No one counters my assumption that the clues are likely as old as the deed on the land itself.
“So we need to think like someone who would be more than two hundred years old at this point?” Infinity asks, slightly stricken, their meticulous brain clicking forward.
“Oh come on, it’s not that hard,” Ada sniffs. “It’s obviously an Elemental clue. All the elements are mentioned, including life.”
“What does it mean, Hegemonys?” Hex asks.
All eyes seem to find Evander’s form beside me. I look to him too, our de facto leader. The would-be High Sorcerer. The Elemental patriarch.
Evander rubs a hand down his face, and admits, rather bravely, I think, “Honestly, I don’t know.”
There’s a beat of silence and then Hector shifts on his feet. “Well, one of you must know,” the Cerise patriarch urges. “Surely.”
“The clue is full of signifiers,” I say. “They aren’t direct, but they aren’t completely opaque either. They were designed to help us locate these relics, not stand around second-guessing ourselves. It’s not a riddle, it’s a hint .”
“Okay, so what’s it hinting at?” Hector pushes. “Surely you have an idea of what it’s supposed to signify within your own home.”
When we remain silent, he gapes between all three of us. Winter sighs. “I’ve lived here nearly my entire life, and yet I’ve never seen the Elemental master, let alone any of the others.”
I nod, and Evander adds, “We need to think about it.”
“But she wants— wanted —us to find the relics,” Hector argues, almost to the room itself as if Ursula’s ghost is listening. “She wouldn’t have given us clues we couldn’t decipher.”
“They’re Shadrack’s clues, not Ursula’s,” Winter reminds him.
“She was High Sorcerer. She gave us a hunt worth completing. That’s it.” Luna begins to slowly rise from her seat, and Infinity immediately offers an arm. “If you don’t know now, let’s not start scrabbling for straws. It’s an hour past my bedtime and if my experience is going to be of use to any of ya, I need to rest. Infinity, help your grandmama to our room.”
I check the clock. It’s half past ten now. Very late for Luna and her century-old bones.

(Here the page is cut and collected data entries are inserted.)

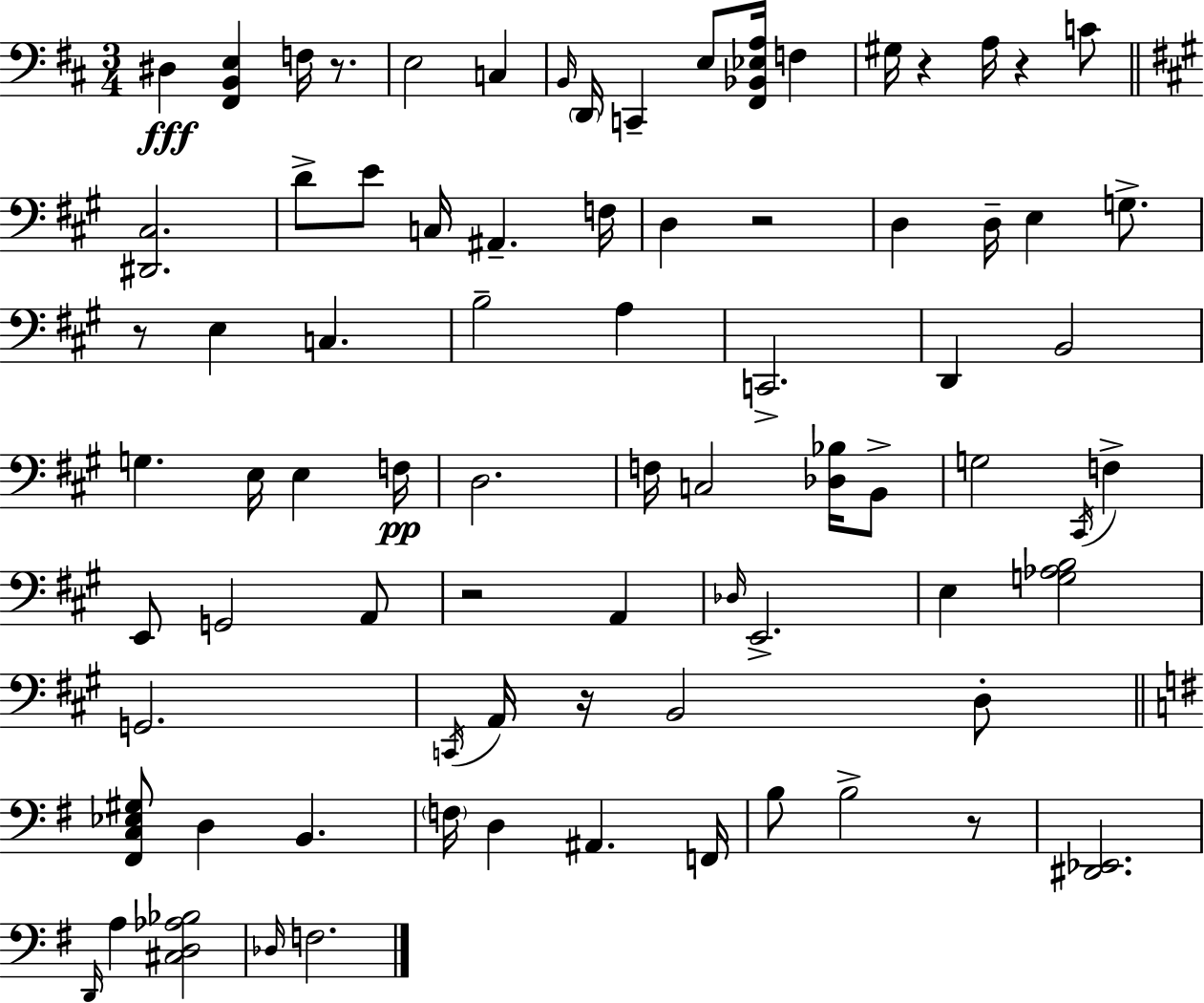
X:1
T:Untitled
M:3/4
L:1/4
K:D
^D, [^F,,B,,E,] F,/4 z/2 E,2 C, B,,/4 D,,/4 C,, E,/2 [^F,,_B,,_E,A,]/4 F, ^G,/4 z A,/4 z C/2 [^D,,^C,]2 D/2 E/2 C,/4 ^A,, F,/4 D, z2 D, D,/4 E, G,/2 z/2 E, C, B,2 A, C,,2 D,, B,,2 G, E,/4 E, F,/4 D,2 F,/4 C,2 [_D,_B,]/4 B,,/2 G,2 ^C,,/4 F, E,,/2 G,,2 A,,/2 z2 A,, _D,/4 E,,2 E, [G,_A,B,]2 G,,2 C,,/4 A,,/4 z/4 B,,2 D,/2 [^F,,C,_E,^G,]/2 D, B,, F,/4 D, ^A,, F,,/4 B,/2 B,2 z/2 [^D,,_E,,]2 D,,/4 A, [^C,D,_A,_B,]2 _D,/4 F,2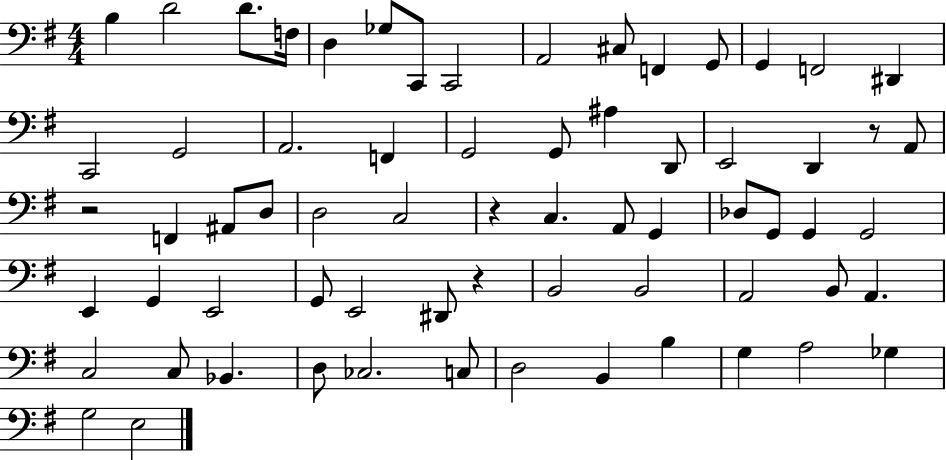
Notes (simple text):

B3/q D4/h D4/e. F3/s D3/q Gb3/e C2/e C2/h A2/h C#3/e F2/q G2/e G2/q F2/h D#2/q C2/h G2/h A2/h. F2/q G2/h G2/e A#3/q D2/e E2/h D2/q R/e A2/e R/h F2/q A#2/e D3/e D3/h C3/h R/q C3/q. A2/e G2/q Db3/e G2/e G2/q G2/h E2/q G2/q E2/h G2/e E2/h D#2/e R/q B2/h B2/h A2/h B2/e A2/q. C3/h C3/e Bb2/q. D3/e CES3/h. C3/e D3/h B2/q B3/q G3/q A3/h Gb3/q G3/h E3/h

“Yes, you rest up, Luna,” Hector agrees, rising as well. The patriarch reaches into the interior lining of his coat, slips out a cell phone, and snaps a quick picture of the clue. Satisfied with his photograph after rotating it, he packs the phone away and tips his head. “The Cerises will begin our search immediately and report back in the morning.”
Evander moves to round the desk toward them and repeats the same concern he flung at the Blackgates. “Wait—please stick to the house. As I just explained, the grounds aren’t safe at night.”
“Oh, if they want to break their ankles, let them, Evander. They’ll learn or they won’t,” Luna says with a dismissive wave before disappearing into the hall, Infinity at her side.
“We have no intention of that,” Sanguine says, “we’ll just be putting our heads together.”
With that, the Cerises file out.
Winter pivots to Lavinia and Kaysa. “I know you didn’t intend to stay—Marsyas never does—but we did set aside a suite in the event that she wanted to spend the night. I’ll lead you there.”
The girls nod, unable to hide their weary surprise. As Winter collects them, she throws a glance over her shoulder, back at us. Her smudged face is as placid as a glass-clear lake, the broken girl she was just minutes ago stuffed down deep where no one will ever excavate her. Her bright blue eyes glow fierce and so much like Ursula’s in that moment that my heart stumbles.
Then, just like our grandmother did so many times in this very room, she gives an order we’re expected to obey. “Neither of you move an inch. We need to talk.”